What to work on — As an exercise, transcribe the data below in full and exactly, omitting pictures.

** Available data follows **

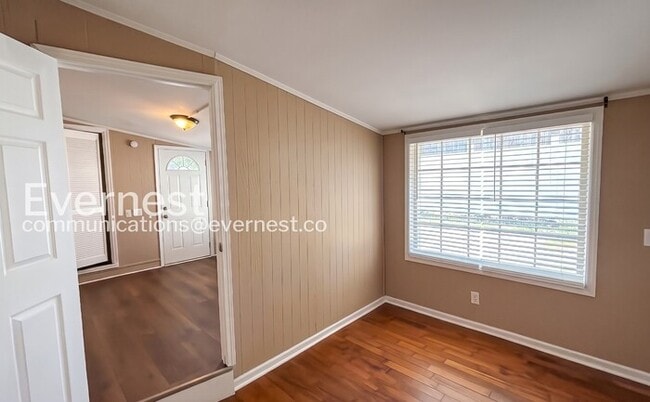 Photo - 5207 Evitt St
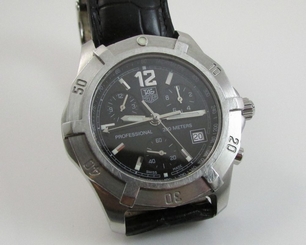 TAG Heuer 2000 Exclusive Chronograph CN1110 Quartz Movement Wristwatch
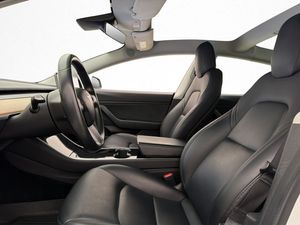 Tesla Model 3 bild 12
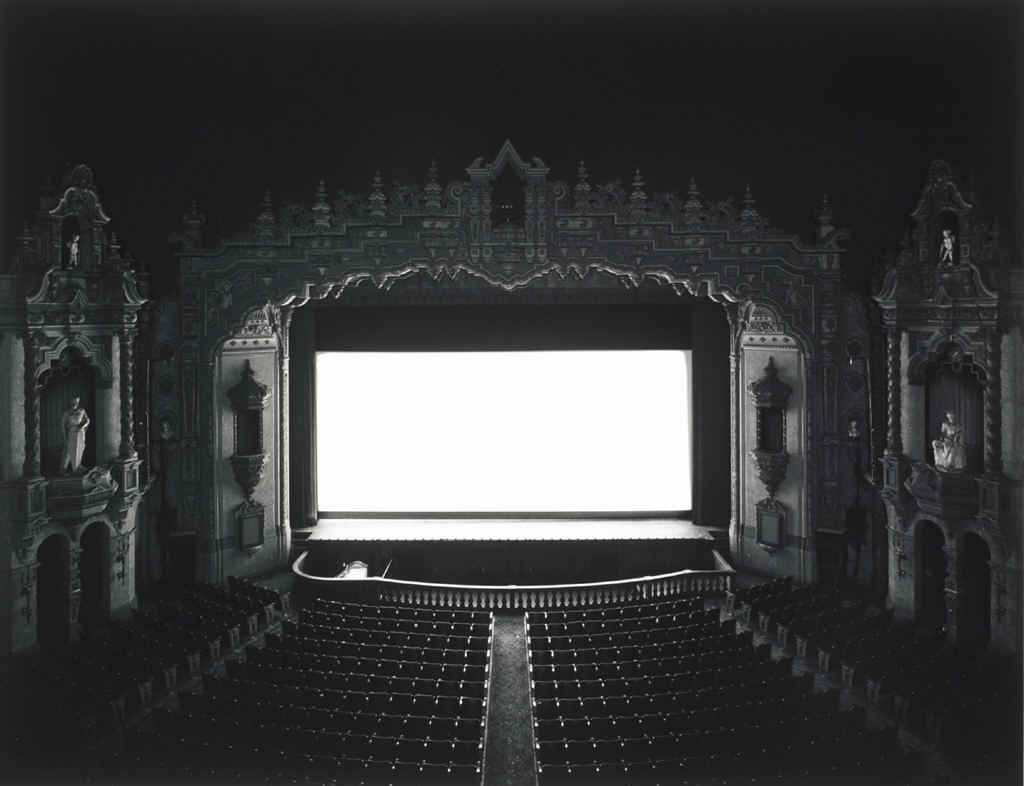 Picture Of The Week Hiroshi Sugimoto S Theatres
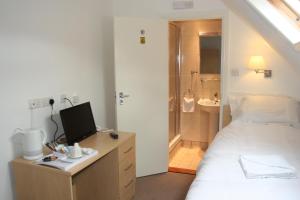 Afbeelding uit fotogalerij van Clifton Lodge Hotel in High Wycombe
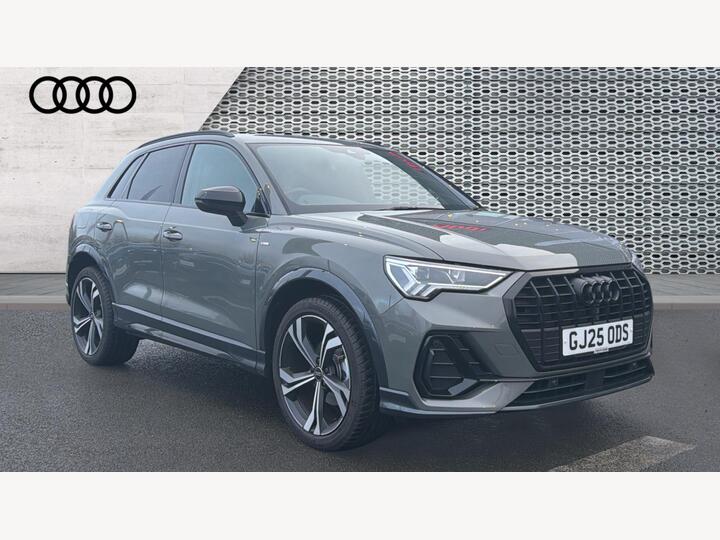 Audi Q3 1.5 TFSI CoD 35 Black Edition S Tronic Euro 6 (s/s) 5dr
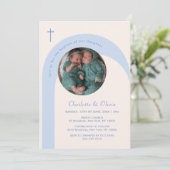 Modernes Blue Beige Boho Arch Foto Cross Taufe Einladung (Stehend Vorderseite)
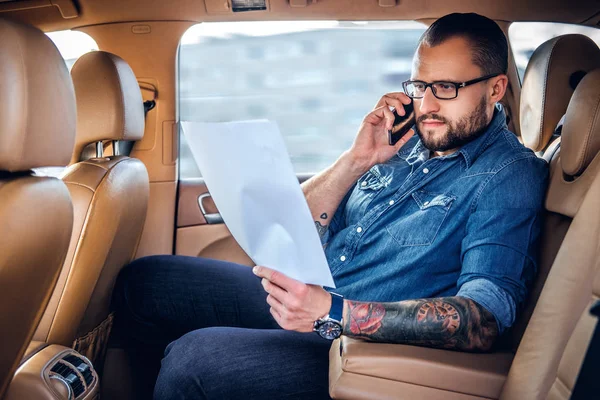 Stylish man talking by smart phone — Stock Photo, Image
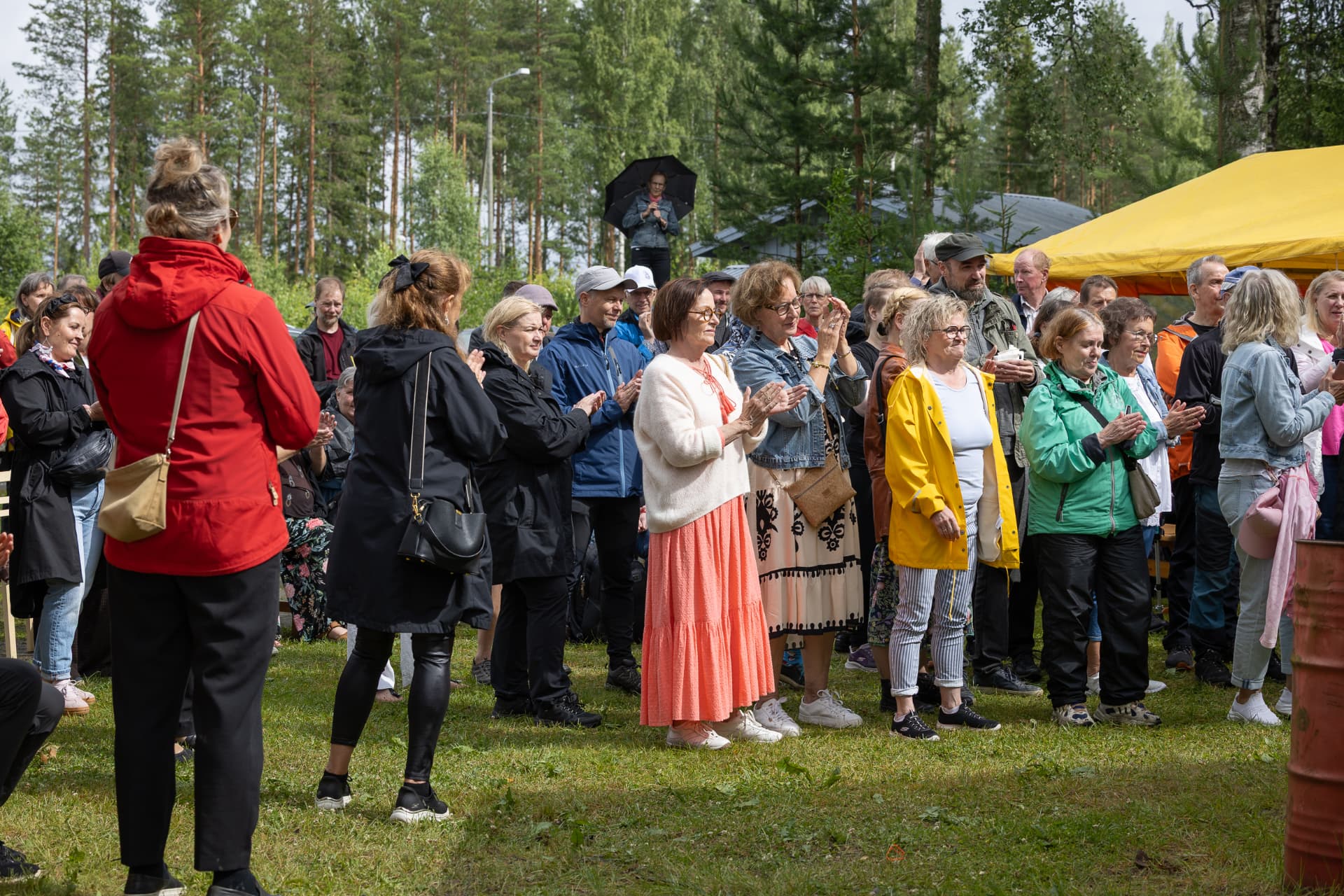Yleisö taputtaa Elvis-tuvan kesätapahtumassa
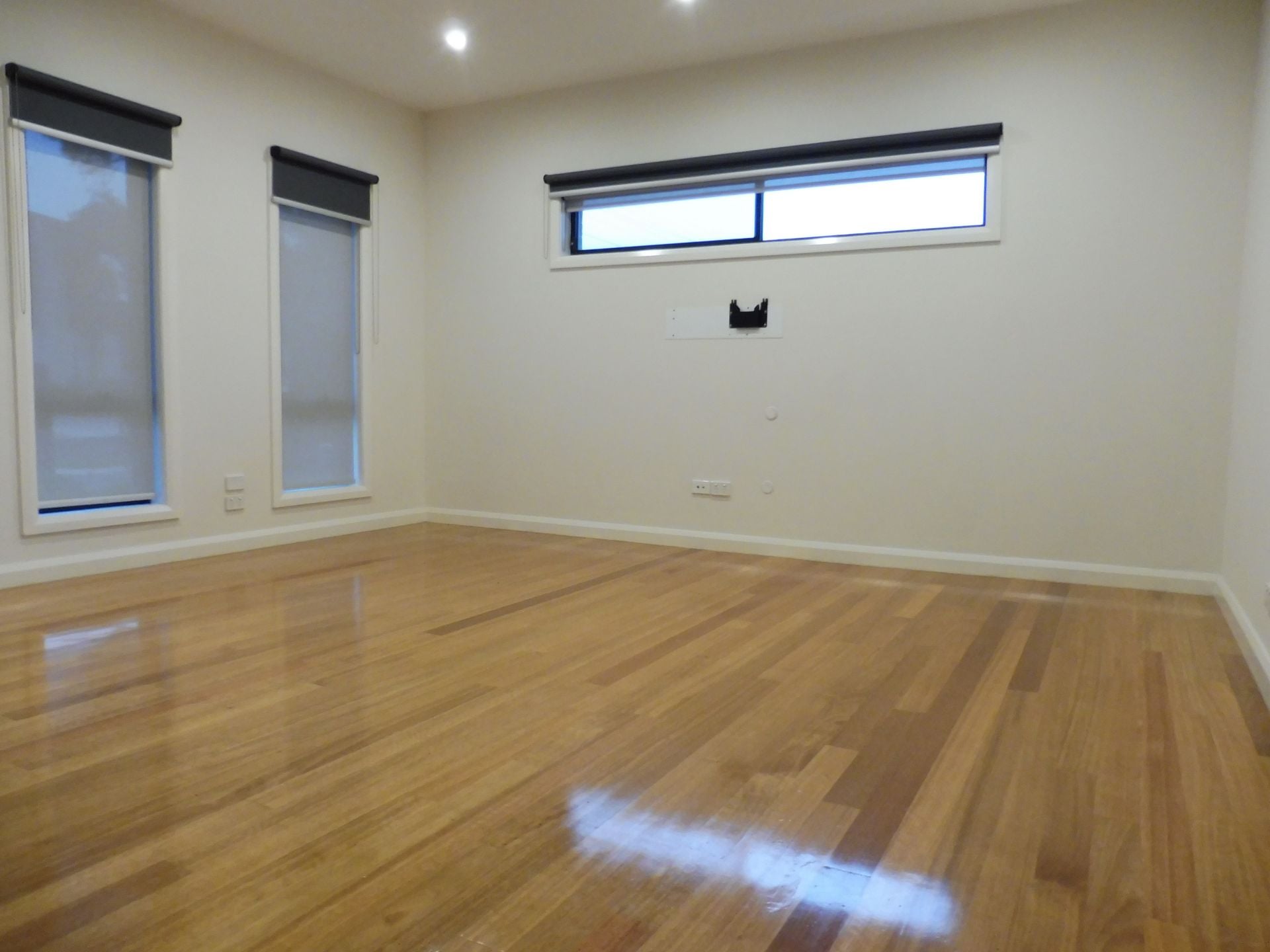 AS NEW 3 BEDROOM TOWNHOUSE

** End of Available data **

Task output —
 Photo - 5207 Evitt St
 TAG Heuer 2000 Exclusive Chronograph CN1110 Quartz Movement Wristwatch
 Tesla Model 3 bild 12
 Picture Of The Week Hiroshi Sugimoto S Theatres
 Afbeelding uit fotogalerij van Clifton Lodge Hotel in High Wycombe
 Audi Q3 1.5 TFSI CoD 35 Black Edition S Tronic Euro 6 (s/s) 5dr
 Modernes Blue Beige Boho Arch Foto Cross Taufe Einladung (Stehend Vorderseite)
 Stylish man talking by smart phone — Stock Photo, Image
Yleisö taputtaa Elvis-tuvan kesätapahtumassa
 AS NEW 3 BEDROOM TOWNHOUSE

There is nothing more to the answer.